§ **RECORDS FOR THIS EXERCISE**:

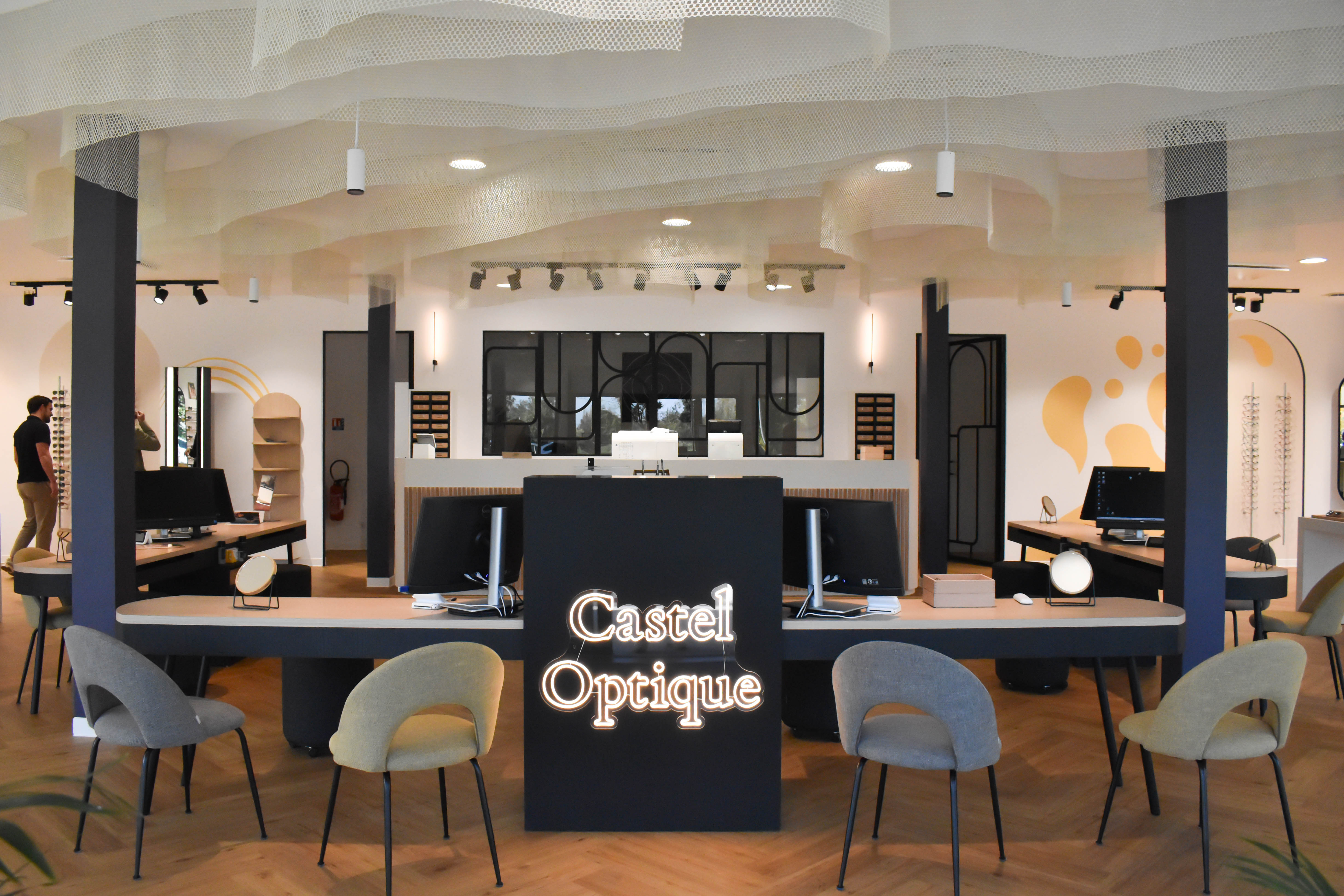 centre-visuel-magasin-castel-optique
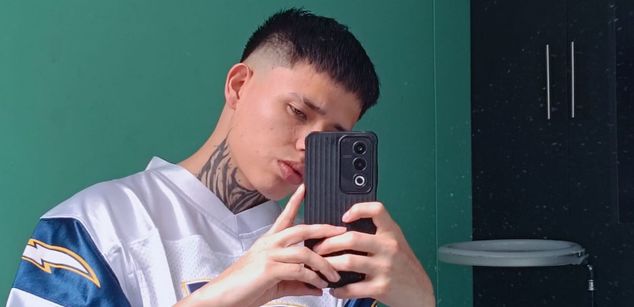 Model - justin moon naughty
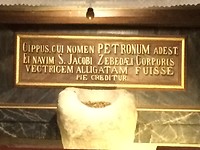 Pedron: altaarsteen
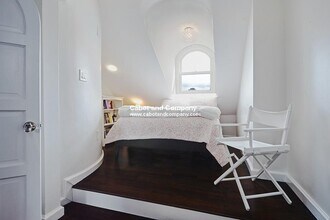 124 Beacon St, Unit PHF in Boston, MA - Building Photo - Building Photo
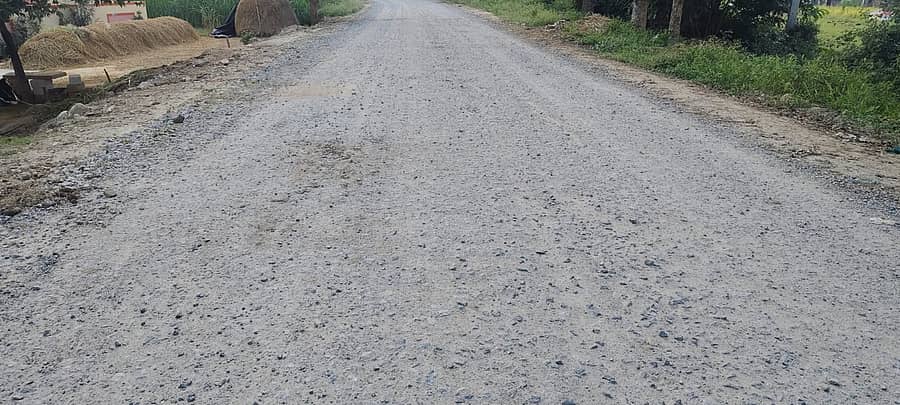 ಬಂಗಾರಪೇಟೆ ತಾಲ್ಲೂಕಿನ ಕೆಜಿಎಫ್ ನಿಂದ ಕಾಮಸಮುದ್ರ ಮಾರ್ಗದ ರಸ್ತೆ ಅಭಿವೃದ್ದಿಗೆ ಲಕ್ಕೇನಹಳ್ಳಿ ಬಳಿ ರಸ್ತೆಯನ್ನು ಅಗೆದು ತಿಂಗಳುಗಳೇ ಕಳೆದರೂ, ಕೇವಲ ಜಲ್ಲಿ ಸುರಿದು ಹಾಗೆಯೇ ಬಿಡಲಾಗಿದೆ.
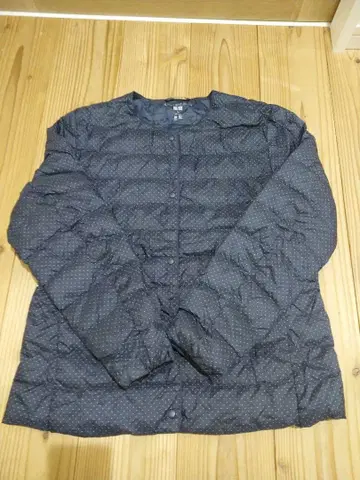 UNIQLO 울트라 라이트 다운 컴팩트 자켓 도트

§ **WHAT TO WORK ON**: Nothing but the pictures may be dropped as you repeat the listing above exactly.

§ **WRITTEN SOLUTION**:
 centre-visuel-magasin-castel-optique
 Model - justin moon naughty
 Pedron: altaarsteen
 124 Beacon St, Unit PHF in Boston, MA - Building Photo - Building Photo
 ಬಂಗಾರಪೇಟೆ ತಾಲ್ಲೂಕಿನ ಕೆಜಿಎಫ್ ನಿಂದ ಕಾಮಸಮುದ್ರ ಮಾರ್ಗದ ರಸ್ತೆ ಅಭಿವೃದ್ದಿಗೆ ಲಕ್ಕೇನಹಳ್ಳಿ ಬಳಿ ರಸ್ತೆಯನ್ನು ಅಗೆದು ತಿಂಗಳುಗಳೇ ಕಳೆದರೂ, ಕೇವಲ ಜಲ್ಲಿ ಸುರಿದು ಹಾಗೆಯೇ ಬಿಡಲಾಗಿದೆ.
 UNIQLO 울트라 라이트 다운 컴팩트 자켓 도트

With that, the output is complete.